Our Big Fat Gay Yard Sale. Got some fabulous stuff you don’t need anymore? On the lookout for some fabulous stuff you don’t need, but still want? Head over to this extravaganza hosted by Tucson Pride. They’re looking for donations of pretty much everything under the sun: appliances, furniture, clothing, strollers, potted plants, artwork—you’ve got it, they’re probably interested. All proceeds benefit Tucson Pride, so if you don’t have any items to donate, stop by and buy something. You know what they say: One man’s dingy appliance is another man’s distinguished pleasure. 7 a.m. to 2 p.m. on Saturday, May 26. 11 N. Longfellow Ave. Free.

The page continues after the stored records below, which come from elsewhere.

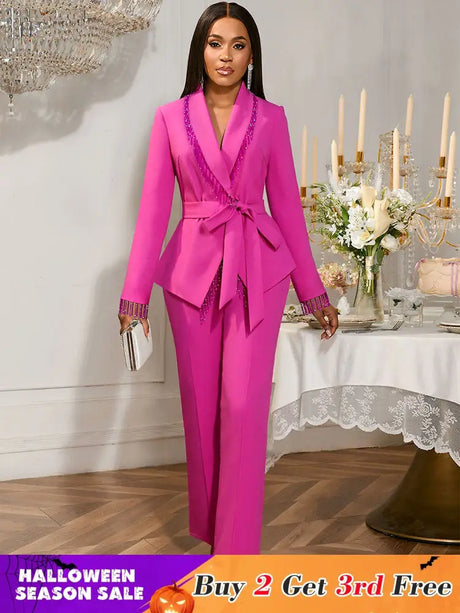 AOMEIDRESS Elegant Wedding Party Pantsuit with Tassel Waist Belt Rose / S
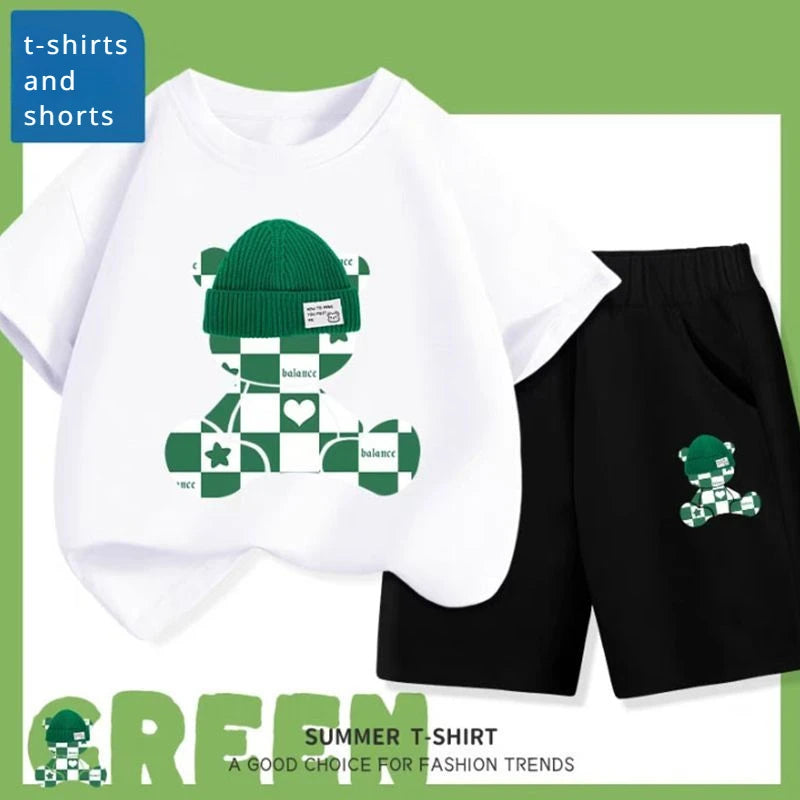 Summer Baby Boy Clothes Set Children Girls Cartoon Bear Short Sleeve T-shirts Top and Shorts Bottom Suit Kid Casual Tracksuits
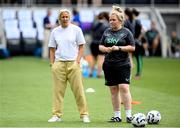 29 June 2025; Republic of Ireland head coach Carla Ward, left, and assistant coach Charlotte Healy before the women's international friendly match between the USA and Republic of Ireland at TQL Stadium in Cincinnati, Ohio, USA. Photo by Stephen McCarthy/Sportsfile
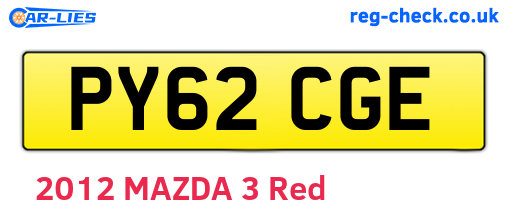 PY62CGE are the vehicle registration plates.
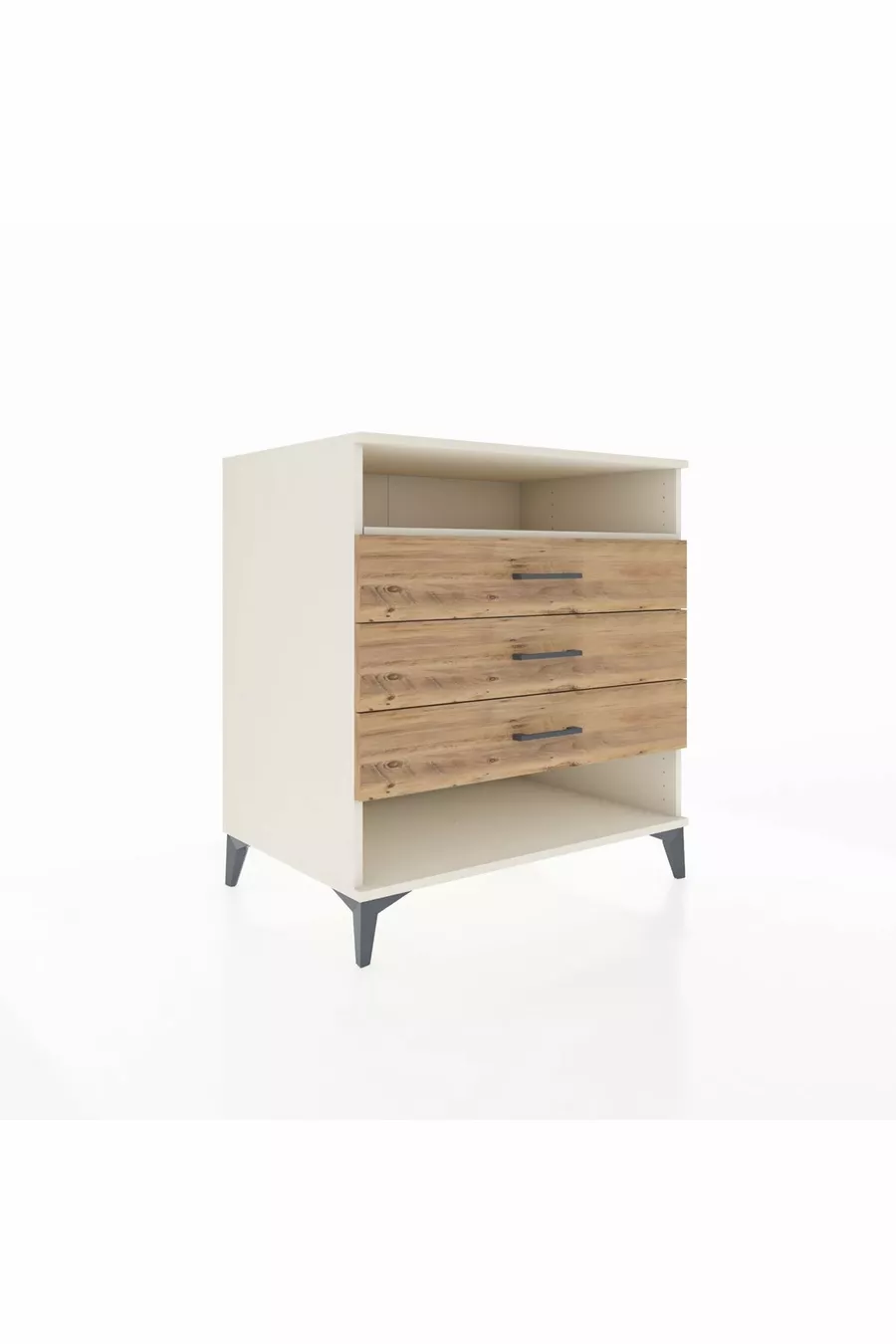 Commode Kronos avec une étagère et 3 tiroirs, Pierre de lune-Pin
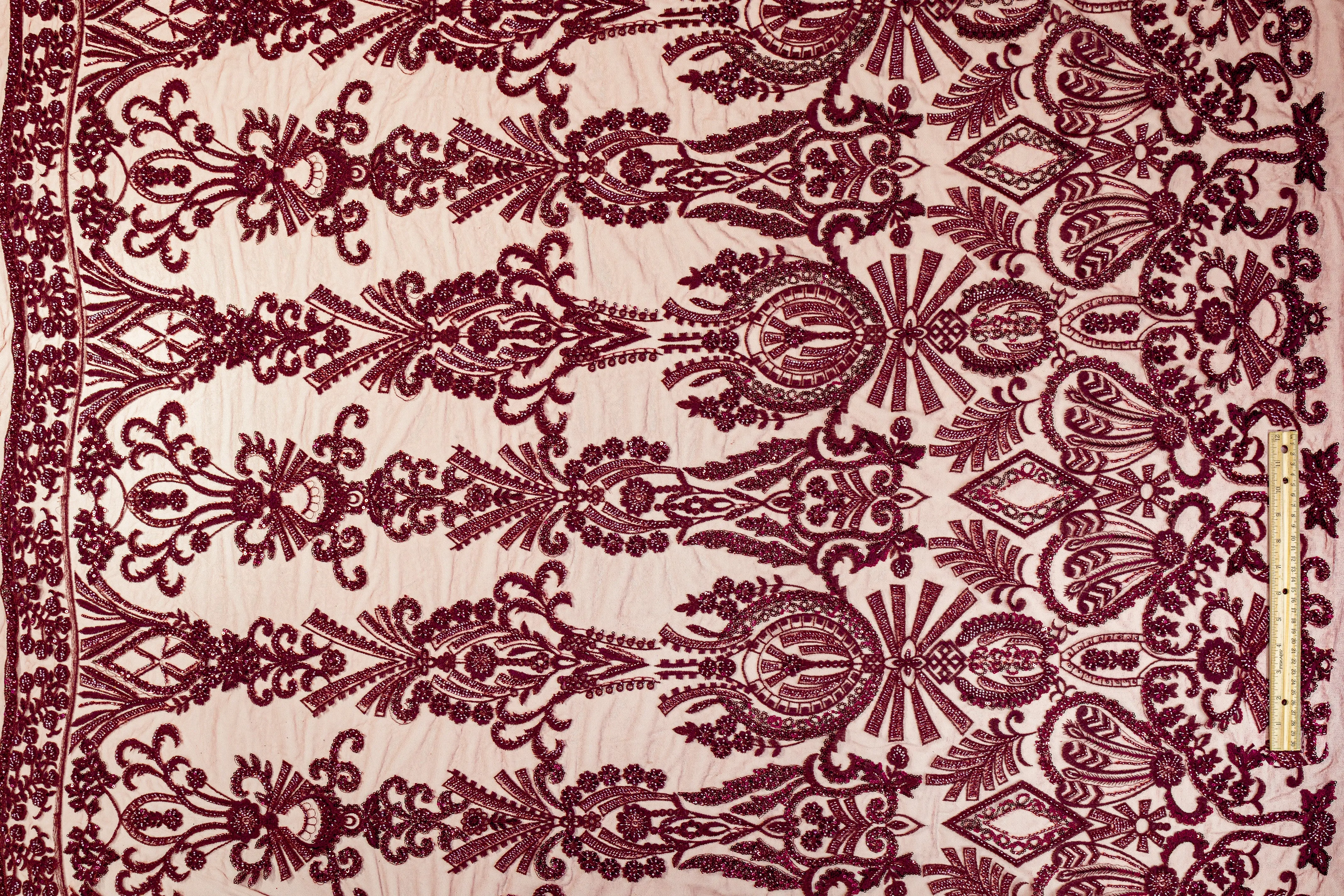 Damask Beaded and Embroidered Tulle - Burgundy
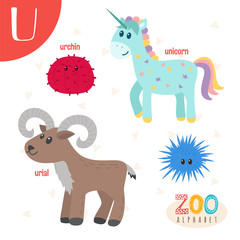 Letter U. Cute animals. Funny cartoon animals in vector. ABC boo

Memorial Summer Beach Bash. Grab your flip flops and pool cover up, because we’re going to the beach! OK, well, we’re going to the Living Room at La Encantada, a wine lounge that’s going to have some seriously beachy vibes in honor of Memorial Day weekend. DJ MGM is playing during the mimosa brunch from 11 a.m. to 2 p.m., Ten Strings will be providing live reggae music from 3:30 to 6:30 p.m., and DJ Phatal will be blessin’ us with the beats from 7 p.m. to close. Grab a burger and beer for 11 bucks, a brat and a beer for 10 bucks and $4 tiki drinks. And it’s happy hour all day! 11 a.m. Saturday, May 26. The Living Room La Encantada, 2905 E. Skyline Dr.
Memorial Day Family Picnic. Memorial Day Picnics, complete with hotdogs, potato salad and some sort of dessert, are incredible. But wouldn’t they be even better if you didn’t have to do any of the planning? Tucson Church International is providing the hamburgers, hot dogs and drinks at this midday rendezvous, and everyone else can bring whatever side dish, dessert and/or friends and family they want. Sunday, May 27. 11 a.m. to 3 p.m. Reid Park, 100 S. Country Club Road at Ramada #3, behind the rose garden and the lake. Free.